La mobilisation du 10 septembre ne doit pas être lue comme une simple réaction aux annonces récentes du 1er ministre. Bien évidemment, ses annonces sont d’une violence inouïe : plan d’austérité massif, coupes budgétaires colossales dans les aides sociales et dépenses publiques, attaque contre les droits des chômeurs, suppression de jours fériés..
Seulement, il ne fait qu’appliquer le projet néolibéral et autoritaire porté par ce gouvernement — et plus largement, le modèle de société qu’il incarne.
Ce que nous combattons n’est pas une série de réformes isolées, portées d’ailleurs par des gouvernements dit « de gauche », « du centre » ou « de droite », mais un projet de société, construit depuis des décennies, qui n’a plus besoin de l’extrême droite pour écraser les plus pauvres : il en a déjà les outils.
Nous ne pensons pas que caricaturer ce mouvement ou le regarder avec dédain nous permettra de lui faire développer son sens profondément révolutionnaire. Sans faire de parallèle direct avec une précédente mobilisation historique, c’est justement parce que les structures classiques ne sont pas à la manœuvre qu’il faut se saisir de ce mouvement. Quant aux mouvements d’extrême droite qui tenteraient de récupérer cette date et ses revendications, il n’est plus à rappeler que leur projet autoritaire et profondément pro-capitaliste n’a aucune légitimité et se retrouve déconnecté des revendications du 10 septembre. Et comme nous l’avons toujours fait, nous saurons nous en rappeler lorsqu’il s’agira de tenir la rue.
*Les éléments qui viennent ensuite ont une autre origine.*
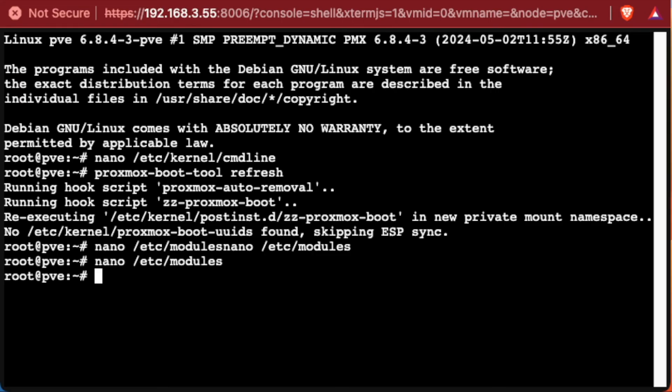Our next step now we enable these modules is to reboot. So everything will take effect inside the operating system. In order to do that, we'll enter the command reboot.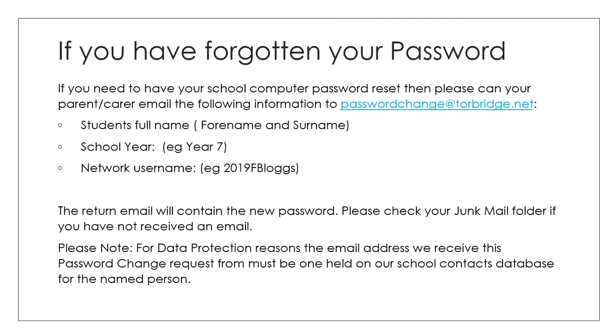If you've forgotten your password we can reset it for you. If you're in school just ask your tutor or a teacher. If you're at home your parent or carer will email the following information to passwordchange@torbridge.net. We need to know your student's full name that's the first and surname, their year in school and their username. If you don't know the username please add to this email your request and they'll confirm the username along with a new password in the return email.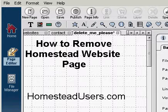Make sure you rate my videos and subscribe, and get over to the homesteadusers.com website. We have some great products over there that will help you succeed with your Homestead website.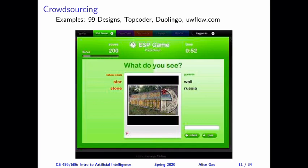There are many other examples of crowdsourcing, and it is believed that as long as you design a website in the right way, you can get the crowd to do almost anything for you. They can design things for you, like 99designs. They can write code, like Topcoder. They can translate text for you — Duolingo is an example. And finally, you can even get them to rate courses and professors, like UW Flow.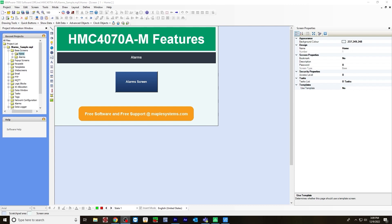In this video, I'll be showing you how to set up alarms in Mapware 7000 using IEC programming language. I'll be creating three different alarms: a temperature out of range, a pressure out of range, and a no signal detector alarm.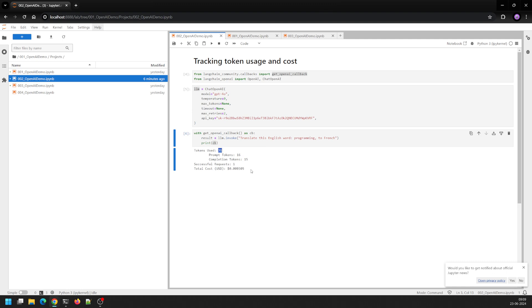So this is how you can keep track of how many tokens you are using in each request. This would be important because this is not free. The OpenAI LLMs that we are using, we are paying for it by recharging our account.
Comme les appels le rappellent, cette date et ses suites doivent être témoins d’une convergence offensive : celle des travailleur·ses exploité·es, des immigré·es trop souvent attaqué·es, des quartiers oubliés, des services publics à l’agonie et des jeunes précaires. Nous appelons l’ensemble des forces vives de notre camp à s’emparer de cette date et des suivantes, et à les faire vivre.
Offensive Antifa Bordeaux - contact-oab(a)riseup.net
Perspectives autonomes à l’aube du 10 septembre (MIRA)
L‘apathie générale de ces derniers mois aura au moins permis d’observer ce qui se trame en face : l’Etat prépare activement la guerre et détruit tout ce qui pourrait l’entraver.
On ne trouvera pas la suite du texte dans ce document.